La Garde nationale est en pleine insurrection : elle obéit à un comité central que nous ne pouvons faire arrêter. Elle pille les fusils, les canons, les obusiers, les munitions. Jusqu’ici, ce désordre a eu pour prétexte la résistance aux Prussiens. Voici les Prussiens partis. Ce serait donc contre le gouvernement que ces forces désordonnées sont préparées. Je ne vois pas toutefois dans quel intérêt prendre l’Hôtel de Ville ou les Affaires étrangères peut être une tentation. D’abord, elle n’est pas absolument facile à satisfaire, puis où mènerait-elle ? MM. Blanqui et Millière sont audacieux, mais pas tout à fait sots.
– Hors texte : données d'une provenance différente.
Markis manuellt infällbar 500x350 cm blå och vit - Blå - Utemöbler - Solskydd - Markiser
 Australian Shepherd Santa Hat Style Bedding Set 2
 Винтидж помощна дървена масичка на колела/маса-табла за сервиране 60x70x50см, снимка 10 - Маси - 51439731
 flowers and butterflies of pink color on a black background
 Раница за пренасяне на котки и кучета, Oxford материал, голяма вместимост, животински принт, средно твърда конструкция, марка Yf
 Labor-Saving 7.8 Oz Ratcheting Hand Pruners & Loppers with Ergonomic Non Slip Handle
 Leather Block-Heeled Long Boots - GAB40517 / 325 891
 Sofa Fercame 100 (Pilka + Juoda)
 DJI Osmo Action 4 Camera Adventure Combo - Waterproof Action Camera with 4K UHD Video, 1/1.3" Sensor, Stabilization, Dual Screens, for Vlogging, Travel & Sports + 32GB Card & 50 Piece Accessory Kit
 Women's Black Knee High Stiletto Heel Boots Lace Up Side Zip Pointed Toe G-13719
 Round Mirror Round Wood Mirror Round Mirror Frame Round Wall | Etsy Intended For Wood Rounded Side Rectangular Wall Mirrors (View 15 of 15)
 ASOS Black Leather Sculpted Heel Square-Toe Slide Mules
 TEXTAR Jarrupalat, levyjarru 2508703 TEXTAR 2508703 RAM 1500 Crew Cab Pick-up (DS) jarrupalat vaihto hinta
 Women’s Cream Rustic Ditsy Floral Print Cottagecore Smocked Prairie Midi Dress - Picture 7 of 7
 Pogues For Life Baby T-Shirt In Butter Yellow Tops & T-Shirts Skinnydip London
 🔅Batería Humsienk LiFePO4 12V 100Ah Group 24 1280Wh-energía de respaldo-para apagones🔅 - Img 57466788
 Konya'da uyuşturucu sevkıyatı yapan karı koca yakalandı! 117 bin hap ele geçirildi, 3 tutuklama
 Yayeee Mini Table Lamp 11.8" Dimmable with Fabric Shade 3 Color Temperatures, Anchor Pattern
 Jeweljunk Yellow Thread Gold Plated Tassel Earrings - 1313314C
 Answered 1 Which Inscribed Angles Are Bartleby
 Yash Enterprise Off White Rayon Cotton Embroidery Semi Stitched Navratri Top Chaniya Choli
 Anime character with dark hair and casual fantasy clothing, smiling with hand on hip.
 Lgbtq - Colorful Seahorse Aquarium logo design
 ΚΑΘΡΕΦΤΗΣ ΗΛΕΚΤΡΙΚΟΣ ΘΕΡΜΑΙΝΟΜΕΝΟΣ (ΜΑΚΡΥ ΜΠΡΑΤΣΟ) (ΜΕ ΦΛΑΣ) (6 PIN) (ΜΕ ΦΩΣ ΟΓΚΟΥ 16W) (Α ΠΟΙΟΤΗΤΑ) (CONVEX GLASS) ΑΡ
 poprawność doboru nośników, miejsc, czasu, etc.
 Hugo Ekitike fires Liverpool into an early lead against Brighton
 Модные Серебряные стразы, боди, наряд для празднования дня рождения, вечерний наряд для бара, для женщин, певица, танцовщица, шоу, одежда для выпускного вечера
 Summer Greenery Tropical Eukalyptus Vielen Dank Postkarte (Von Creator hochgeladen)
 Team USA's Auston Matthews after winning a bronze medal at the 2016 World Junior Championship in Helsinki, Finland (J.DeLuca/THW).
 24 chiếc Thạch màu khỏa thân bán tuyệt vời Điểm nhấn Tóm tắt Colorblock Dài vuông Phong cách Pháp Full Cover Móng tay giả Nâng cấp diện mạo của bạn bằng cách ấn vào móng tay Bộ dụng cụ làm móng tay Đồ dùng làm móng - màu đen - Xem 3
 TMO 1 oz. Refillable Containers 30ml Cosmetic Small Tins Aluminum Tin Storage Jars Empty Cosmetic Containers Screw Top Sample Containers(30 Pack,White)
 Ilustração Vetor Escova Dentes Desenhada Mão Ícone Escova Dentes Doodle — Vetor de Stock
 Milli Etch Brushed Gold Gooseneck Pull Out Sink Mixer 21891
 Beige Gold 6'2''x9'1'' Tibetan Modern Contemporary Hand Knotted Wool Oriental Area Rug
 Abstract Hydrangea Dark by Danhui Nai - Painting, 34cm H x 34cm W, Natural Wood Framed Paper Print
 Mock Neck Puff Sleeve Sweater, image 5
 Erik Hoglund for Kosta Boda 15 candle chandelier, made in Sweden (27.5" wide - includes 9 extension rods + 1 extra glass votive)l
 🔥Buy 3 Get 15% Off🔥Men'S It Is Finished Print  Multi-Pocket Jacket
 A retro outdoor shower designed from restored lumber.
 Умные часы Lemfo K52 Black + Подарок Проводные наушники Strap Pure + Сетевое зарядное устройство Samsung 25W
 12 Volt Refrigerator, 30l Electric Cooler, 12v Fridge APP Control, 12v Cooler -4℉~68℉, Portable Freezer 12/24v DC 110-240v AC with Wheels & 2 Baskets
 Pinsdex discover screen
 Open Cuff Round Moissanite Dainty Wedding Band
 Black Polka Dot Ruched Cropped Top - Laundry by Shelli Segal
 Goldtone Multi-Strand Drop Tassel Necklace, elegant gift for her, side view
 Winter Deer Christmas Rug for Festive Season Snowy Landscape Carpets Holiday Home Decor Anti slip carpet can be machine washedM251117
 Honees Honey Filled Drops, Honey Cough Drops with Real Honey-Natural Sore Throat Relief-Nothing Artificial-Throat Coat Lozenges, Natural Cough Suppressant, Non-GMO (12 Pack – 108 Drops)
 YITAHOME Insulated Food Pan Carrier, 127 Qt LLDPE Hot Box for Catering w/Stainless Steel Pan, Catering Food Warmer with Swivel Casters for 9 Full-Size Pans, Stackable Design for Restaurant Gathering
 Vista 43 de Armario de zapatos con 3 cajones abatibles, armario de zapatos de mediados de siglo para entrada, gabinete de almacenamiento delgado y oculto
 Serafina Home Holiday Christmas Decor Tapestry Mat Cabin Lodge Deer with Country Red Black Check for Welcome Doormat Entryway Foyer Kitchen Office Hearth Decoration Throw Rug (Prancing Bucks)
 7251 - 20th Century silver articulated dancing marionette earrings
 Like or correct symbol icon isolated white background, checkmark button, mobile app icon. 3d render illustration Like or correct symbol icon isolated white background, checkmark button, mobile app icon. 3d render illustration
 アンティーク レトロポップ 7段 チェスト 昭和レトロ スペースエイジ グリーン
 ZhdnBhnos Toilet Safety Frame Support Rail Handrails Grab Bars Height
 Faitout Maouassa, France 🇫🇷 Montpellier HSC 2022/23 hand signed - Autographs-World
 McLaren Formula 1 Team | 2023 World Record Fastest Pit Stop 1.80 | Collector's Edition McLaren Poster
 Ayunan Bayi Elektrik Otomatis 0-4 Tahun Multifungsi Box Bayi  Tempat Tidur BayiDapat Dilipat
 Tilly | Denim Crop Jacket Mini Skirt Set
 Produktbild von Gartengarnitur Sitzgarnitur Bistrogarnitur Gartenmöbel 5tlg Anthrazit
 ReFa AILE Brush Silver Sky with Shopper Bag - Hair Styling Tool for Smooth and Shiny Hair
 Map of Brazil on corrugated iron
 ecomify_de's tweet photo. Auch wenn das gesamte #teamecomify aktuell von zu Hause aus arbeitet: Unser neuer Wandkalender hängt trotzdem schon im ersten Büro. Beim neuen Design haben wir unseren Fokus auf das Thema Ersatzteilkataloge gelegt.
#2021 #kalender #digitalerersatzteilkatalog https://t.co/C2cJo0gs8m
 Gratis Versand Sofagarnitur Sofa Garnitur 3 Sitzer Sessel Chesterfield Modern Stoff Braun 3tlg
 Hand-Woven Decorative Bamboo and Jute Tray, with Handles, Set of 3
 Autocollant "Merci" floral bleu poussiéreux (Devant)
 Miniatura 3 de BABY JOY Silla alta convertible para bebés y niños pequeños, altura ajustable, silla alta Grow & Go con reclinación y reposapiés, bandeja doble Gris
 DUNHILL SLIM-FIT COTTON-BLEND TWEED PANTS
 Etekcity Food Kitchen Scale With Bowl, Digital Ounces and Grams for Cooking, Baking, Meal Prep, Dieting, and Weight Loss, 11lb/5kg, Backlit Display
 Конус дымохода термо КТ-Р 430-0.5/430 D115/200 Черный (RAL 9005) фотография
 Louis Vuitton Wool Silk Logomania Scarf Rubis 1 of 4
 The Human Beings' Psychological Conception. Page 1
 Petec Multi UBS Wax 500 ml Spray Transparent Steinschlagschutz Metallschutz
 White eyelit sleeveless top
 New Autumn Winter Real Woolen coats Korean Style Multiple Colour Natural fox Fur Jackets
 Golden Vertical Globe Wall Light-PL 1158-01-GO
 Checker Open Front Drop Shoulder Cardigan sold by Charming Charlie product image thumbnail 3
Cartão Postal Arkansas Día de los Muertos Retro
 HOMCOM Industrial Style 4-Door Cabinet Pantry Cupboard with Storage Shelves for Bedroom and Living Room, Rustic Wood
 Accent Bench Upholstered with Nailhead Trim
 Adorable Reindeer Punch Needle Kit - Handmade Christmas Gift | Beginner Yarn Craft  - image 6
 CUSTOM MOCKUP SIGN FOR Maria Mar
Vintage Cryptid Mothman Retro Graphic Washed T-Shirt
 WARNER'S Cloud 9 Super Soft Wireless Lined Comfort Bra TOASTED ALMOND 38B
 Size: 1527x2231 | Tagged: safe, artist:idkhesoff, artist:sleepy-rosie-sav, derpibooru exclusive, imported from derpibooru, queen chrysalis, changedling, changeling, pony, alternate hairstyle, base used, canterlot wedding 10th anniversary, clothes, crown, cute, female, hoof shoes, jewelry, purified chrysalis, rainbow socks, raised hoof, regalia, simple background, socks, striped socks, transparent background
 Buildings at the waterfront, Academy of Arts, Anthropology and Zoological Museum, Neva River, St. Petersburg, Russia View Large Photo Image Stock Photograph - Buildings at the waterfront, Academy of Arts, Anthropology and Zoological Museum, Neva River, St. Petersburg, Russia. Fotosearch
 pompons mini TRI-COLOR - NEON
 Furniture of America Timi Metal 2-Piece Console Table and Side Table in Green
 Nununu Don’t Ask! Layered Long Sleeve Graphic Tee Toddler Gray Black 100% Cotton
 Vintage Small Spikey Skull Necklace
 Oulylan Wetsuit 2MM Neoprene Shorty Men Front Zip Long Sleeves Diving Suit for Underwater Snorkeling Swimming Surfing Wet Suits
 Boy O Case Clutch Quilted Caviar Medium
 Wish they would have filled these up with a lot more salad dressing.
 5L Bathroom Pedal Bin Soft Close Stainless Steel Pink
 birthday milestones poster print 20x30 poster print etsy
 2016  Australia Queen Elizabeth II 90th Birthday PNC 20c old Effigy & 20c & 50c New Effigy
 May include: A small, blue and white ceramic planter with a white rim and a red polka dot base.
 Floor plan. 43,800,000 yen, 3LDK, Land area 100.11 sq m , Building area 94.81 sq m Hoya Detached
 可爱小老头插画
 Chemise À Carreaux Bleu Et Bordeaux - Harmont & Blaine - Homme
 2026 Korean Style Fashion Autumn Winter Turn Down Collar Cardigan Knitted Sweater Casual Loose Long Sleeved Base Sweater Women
Victorieux, ils seraient honnis par la population et ils le savent, attaqués et battus par la province et ils s’en doutent. Mais beaucoup disent que leurs séides n’y regardent pas de si près et qu’ils auraient un grand goût à installer la Commune, ne fût-ce que pour une heure et même à se donner un peu de pillage, pour célébrer la retraite de l’ennemi. J’avoue n’en avoir pas bien peur, ce qui n’empêche pas que la situation ne soit très trouble, très dangereuse et ne demande un prompt remède. A mon sens, voici ce qu’il faut faire :

Nommer un préfet et un secrétaire général ; un préfet de police ; présenter d’urgence une loi qui, à titre provisoire, ordonnera la nomination d’un Conseil municipal par- arrondissement : l’électeur devra être domicilié à Paris au moins depuis un an ; remettre en vigueur la loi du 17 mai 1819 et celle du 26 mai sur la Presse ; rétablir le cautionnement et le timbre comme taxe de guerre ; transférer de suite la Chambre à Paris, si elle s’y refuse à Saint-Germain, préférable à Versailles ; à Versailles, si Saint-Germain est repoussé ; à Fontainebleau en désespoir de cause ; nommer de suite aux ambassades de Vienne et de Madrid, à la légation de Bruxelles.